All of which bolsters my firm belief that JA's 1791 History of England (which, as Upfal has demonstrated, is saturated with a covert Austen family subtext) also owed a great deal of inspiration to CSM's very famous and much earlier History of England.


THE FEMINIST BOMBSHELL

And it is those two pillars of evidence upon which I rest my claim to have discovered a bombshell, which is that all of this evidence strongly suggests that JA was personally connected, in several different ways I am still discerning and clarifying, to _THE_ greatest most famous and influential feminist of her lifetime, the "mother", if you will, of Mary Wollstonecraft and Mary Hays, among others!

I find myself imagining the steady social intercourse between the Sawbridges and the Knights, but perhaps some of you are wondering whether the Knights approved of their radical neighbors?

Well, I can’t as yet give a great deal of evidence in that regard, but there is one tidbit which I find very intriguing, indicating good relations between the two intermarried families:

Look here at a summary I found last night of the Last Will and Testament of Thomas Brodnax-May-Knight (yes, that same TBMK I described in Part One, above, i.e., the elder Thomas Knight, he of the ever changing surname):

“November 8, 1779 Monday Godmersham: Mr Thomas Brodnax-May-Knight makes his Will: refers to two previous ... Some legacy to his friend Catherine, wife of Thomas [indecipherable]; £100 to his nephew James Sawbridge; £100 to Revd John Hinton, rector of chawton; L500 to john knight hinton, son of revd john hinton and godson of tbmk; all remainder to son thomas knight.”

So, it can hardly be the case that there was a total estrangement in 1779 (a year after CSM married Mr. Graham) between the elder Mr. Knight and his sister’s brother in law, John Sawbridge, if he was leaving a bequest to James Sawbridge, who was a nephew by blood to both John Sawbridge and CSM, and a nephew by marriage to the elder Thomas Knight.
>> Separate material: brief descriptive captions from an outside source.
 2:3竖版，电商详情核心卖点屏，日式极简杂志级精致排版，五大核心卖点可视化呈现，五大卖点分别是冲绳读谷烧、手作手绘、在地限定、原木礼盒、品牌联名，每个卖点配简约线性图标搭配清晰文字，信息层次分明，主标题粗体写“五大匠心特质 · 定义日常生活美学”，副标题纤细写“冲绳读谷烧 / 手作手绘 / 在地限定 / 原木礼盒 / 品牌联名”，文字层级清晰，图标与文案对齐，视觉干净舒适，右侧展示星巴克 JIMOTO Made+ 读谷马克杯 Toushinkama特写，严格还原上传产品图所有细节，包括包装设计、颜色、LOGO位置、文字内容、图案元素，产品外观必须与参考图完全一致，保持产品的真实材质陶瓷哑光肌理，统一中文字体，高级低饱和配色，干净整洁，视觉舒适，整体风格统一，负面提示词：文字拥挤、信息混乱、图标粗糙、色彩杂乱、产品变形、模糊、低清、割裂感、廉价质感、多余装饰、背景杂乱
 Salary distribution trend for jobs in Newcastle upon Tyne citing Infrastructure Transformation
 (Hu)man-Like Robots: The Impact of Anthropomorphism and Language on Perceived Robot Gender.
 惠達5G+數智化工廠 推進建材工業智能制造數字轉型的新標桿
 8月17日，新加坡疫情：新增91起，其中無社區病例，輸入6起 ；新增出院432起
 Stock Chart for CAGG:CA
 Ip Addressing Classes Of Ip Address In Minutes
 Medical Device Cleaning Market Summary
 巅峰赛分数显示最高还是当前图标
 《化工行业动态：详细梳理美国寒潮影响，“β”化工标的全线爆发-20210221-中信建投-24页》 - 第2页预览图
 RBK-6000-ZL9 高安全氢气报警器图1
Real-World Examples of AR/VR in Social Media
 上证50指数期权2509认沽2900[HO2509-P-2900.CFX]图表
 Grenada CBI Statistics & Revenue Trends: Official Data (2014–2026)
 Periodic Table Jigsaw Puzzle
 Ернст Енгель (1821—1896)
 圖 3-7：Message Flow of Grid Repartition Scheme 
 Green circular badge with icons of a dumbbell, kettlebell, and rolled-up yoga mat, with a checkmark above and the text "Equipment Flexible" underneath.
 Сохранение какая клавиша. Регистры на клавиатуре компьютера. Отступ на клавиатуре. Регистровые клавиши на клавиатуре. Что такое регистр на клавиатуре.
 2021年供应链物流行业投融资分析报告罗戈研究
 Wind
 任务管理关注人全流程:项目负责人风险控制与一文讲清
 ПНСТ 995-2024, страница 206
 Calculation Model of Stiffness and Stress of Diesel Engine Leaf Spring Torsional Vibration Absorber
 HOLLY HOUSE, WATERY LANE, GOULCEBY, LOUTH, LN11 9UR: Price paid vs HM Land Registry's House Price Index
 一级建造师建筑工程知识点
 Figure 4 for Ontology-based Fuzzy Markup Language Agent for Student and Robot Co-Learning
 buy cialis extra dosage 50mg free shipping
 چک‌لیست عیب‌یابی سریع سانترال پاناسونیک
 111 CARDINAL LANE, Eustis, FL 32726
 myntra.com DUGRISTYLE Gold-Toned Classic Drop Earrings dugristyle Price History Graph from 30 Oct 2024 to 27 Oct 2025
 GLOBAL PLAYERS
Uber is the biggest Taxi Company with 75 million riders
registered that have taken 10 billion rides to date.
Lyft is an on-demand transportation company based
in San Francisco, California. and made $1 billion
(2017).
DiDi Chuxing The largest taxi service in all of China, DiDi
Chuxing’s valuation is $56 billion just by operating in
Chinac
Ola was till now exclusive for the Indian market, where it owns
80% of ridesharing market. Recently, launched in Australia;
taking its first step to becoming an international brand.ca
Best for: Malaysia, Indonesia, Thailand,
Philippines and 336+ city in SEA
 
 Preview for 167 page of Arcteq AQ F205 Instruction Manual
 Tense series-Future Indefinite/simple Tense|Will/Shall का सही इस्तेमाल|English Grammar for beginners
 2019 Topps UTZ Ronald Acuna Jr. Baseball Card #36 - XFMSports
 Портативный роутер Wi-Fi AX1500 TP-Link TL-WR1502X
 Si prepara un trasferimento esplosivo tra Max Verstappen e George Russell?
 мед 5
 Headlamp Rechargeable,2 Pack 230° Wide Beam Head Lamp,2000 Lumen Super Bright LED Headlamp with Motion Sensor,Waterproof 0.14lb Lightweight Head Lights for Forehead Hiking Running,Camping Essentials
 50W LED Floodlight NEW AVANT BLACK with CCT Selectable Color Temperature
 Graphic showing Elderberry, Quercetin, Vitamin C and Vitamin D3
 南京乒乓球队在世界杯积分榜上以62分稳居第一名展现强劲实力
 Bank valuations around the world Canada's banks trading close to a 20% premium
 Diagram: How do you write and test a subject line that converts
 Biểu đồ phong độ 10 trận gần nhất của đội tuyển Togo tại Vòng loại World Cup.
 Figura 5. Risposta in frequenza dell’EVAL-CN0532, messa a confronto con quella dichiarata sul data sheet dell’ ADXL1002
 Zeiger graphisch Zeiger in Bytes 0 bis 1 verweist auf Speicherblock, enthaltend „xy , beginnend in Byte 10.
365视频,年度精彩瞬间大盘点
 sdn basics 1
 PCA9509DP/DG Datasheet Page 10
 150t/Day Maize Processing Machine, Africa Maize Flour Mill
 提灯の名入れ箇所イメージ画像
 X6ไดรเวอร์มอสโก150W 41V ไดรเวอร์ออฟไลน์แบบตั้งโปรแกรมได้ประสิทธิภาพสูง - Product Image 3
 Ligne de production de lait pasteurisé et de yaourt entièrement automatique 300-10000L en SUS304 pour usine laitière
But, even more important than that, in terms of modern Austen studies, I wonder if you can guess _where_ I found the above description of the elder Thomas Knight’s Will?

It was in _LeFaye_’s Chronology (at P. 76), published only a few years ago! Why does that matter? Because, if you think about it for a second, you quickly realize that Deirdre Le Faye could not have written the above entry in her Chronology without being thereby made aware, if she was not aware previously, that the nephew of the elder Thomas Knight went by the surname “Sawbridge”! And so, isn’t it strange that when Le Faye was working on the 4th edition of the JA Letters, not very long after completing her mammoth Chronology, she made absolutely no change to her speculation in the 3rd edition that “Miss Sawbridge” and “Mr Maxwell” were two people utterly unconnected to any of the Sawbridges of Olantigh near Godmersham?

It strains _my_ credulity to try to imagine that Le Faye missed that one, how about you? In light of all the implications of what I have set forth above, suggesting a powerful connection between Jane Austen and the most radical feminist of her youth, is it not at least possible that Le Faye has known about this connection, and at least some of those implications, for at least a few years, but possibly for a much longer time, but nonetheless chose to perpetuate, in that 4th edition, clearly incorrect speculations about the identity of both “Miss Sawbridge” and “Mr. Maxwell”?

Again, whichever is the case, it ain’t good, in terms of the reliability of Le Faye’s information and inferences about Jane Austen’s life and works.

In any event, my gut tells me that CSM, during those last years of her life, very well might have mingled with the Knights of Godmersham, and therefore might have met Edward Austen subsequent to his adoption by the Knights (see below) but prior to his going on the Grand Tour, and (oh, Holy Grail!) might even have crossed paths with the precocious teenaged Jane Austen! If CSM did come to Olantigh during the late 1780's, it is not far fetched at all to imagine that JA, at age 14-15 already the author of some very accomplished feministically wild juvenilia, and a voracious reader, would have known exactly who CSM was, and would have wished to meet her. JA might have been of the party along with her parents and elder brothers during one or more family visits to Kent during the late 1780's, visits that surely would have included seeing Edward's adoptive parents, the Knights, and members of their social circle, such as the Sawbridges.

Anyway, one way or another, whether that meeting ever did happen or not, I am nonetheless certain that JA was familiar with CSM's History of England and also her very famous Letters on Education, prior to JA's writing her own History of England in 1791, which (I don't believe coincidentally) was very very very soon after CSM died.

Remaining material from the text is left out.